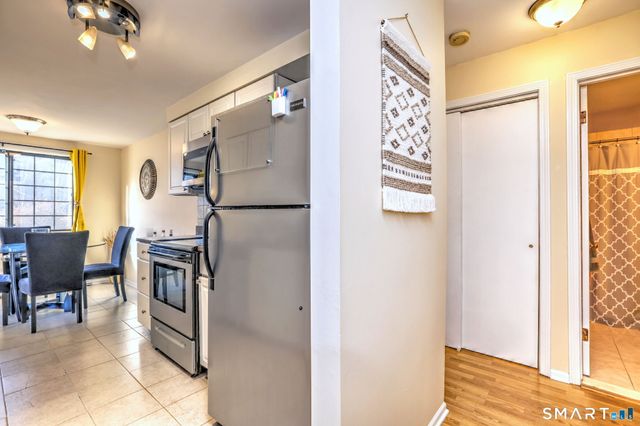 335 Foxwood Lane 335, Milford, CT 06461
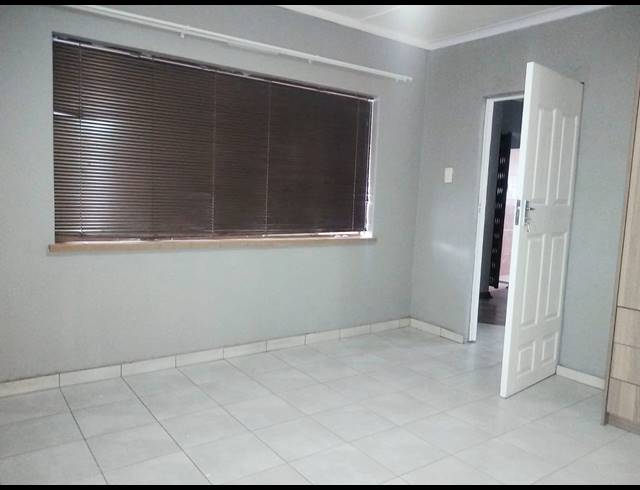 4 BEDROOM HOUSE FOR SALE IN VANDERBIJLPARK CE 2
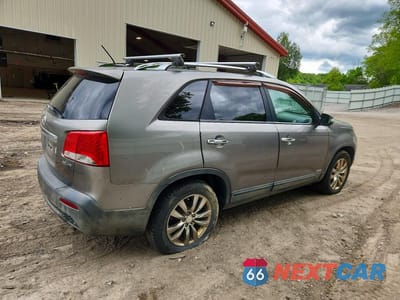 Trzecie zdjęcie samochodu z tyłu: 2011 KIA SORENTO EX VIN:5XYKUDA27BG148146 - miniatura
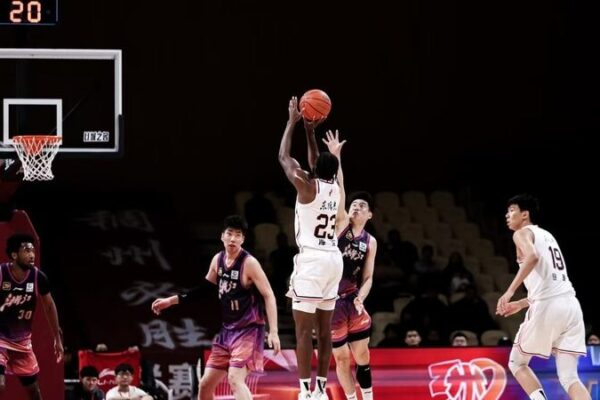 Guangdong Rallies from 17 Down to Clinch CBA Thriller Guangdong_Rallies_from_17_Down_to_Clinch_CBA_Thriller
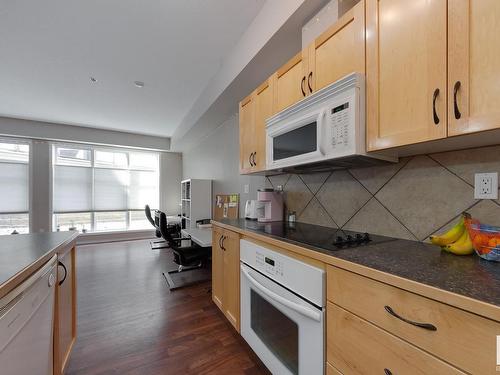 162 4823 104A Street, Edmonton, AB - Indoor Photo Showing Kitchen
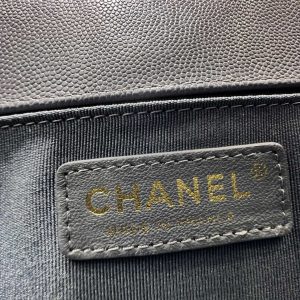 13344148966426514 BOY BAG MEDIUM 25 DARK GREY CAVIAR GOLD HARDWARE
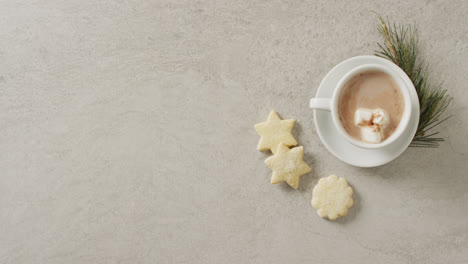 Vídeo-De-Una-Taza-De-Chocolate-Caliente-Con-Malvaviscos-Y-Galletas-Sobre-Fondo-Gris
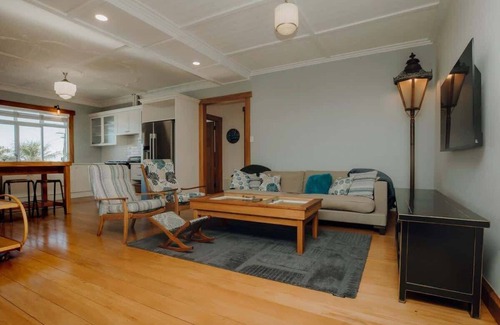 Rewa House | Karamu Korner: Charming Bungalow Retreat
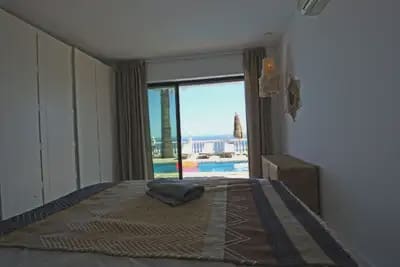 4 bedroom Villa for sale in Benalmadena with pool garage - € 1,600,000 (Ref: 9274742)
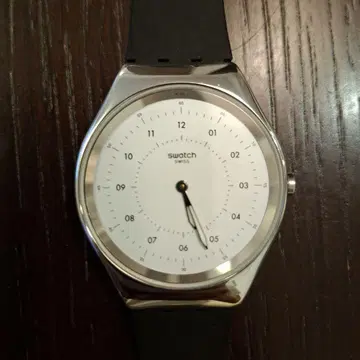 Swatch 쿼츠 손목시계 화이트/블랙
+ + + + + + +
• [Prompt]
From the line containing "Guangdong Rallies from" to the final line of the entries, both included, transcribe every line exactly, omit the pictures, and add nothing more.

• [Output of the exercise]
 Guangdong Rallies from 17 Down to Clinch CBA Thriller Guangdong_Rallies_from_17_Down_to_Clinch_CBA_Thriller
 162 4823 104A Street, Edmonton, AB - Indoor Photo Showing Kitchen
 13344148966426514 BOY BAG MEDIUM 25 DARK GREY CAVIAR GOLD HARDWARE
 Vídeo-De-Una-Taza-De-Chocolate-Caliente-Con-Malvaviscos-Y-Galletas-Sobre-Fondo-Gris
 Rewa House | Karamu Korner: Charming Bungalow Retreat
 4 bedroom Villa for sale in Benalmadena with pool garage - € 1,600,000 (Ref: 9274742)
 Swatch 쿼츠 손목시계 화이트/블랙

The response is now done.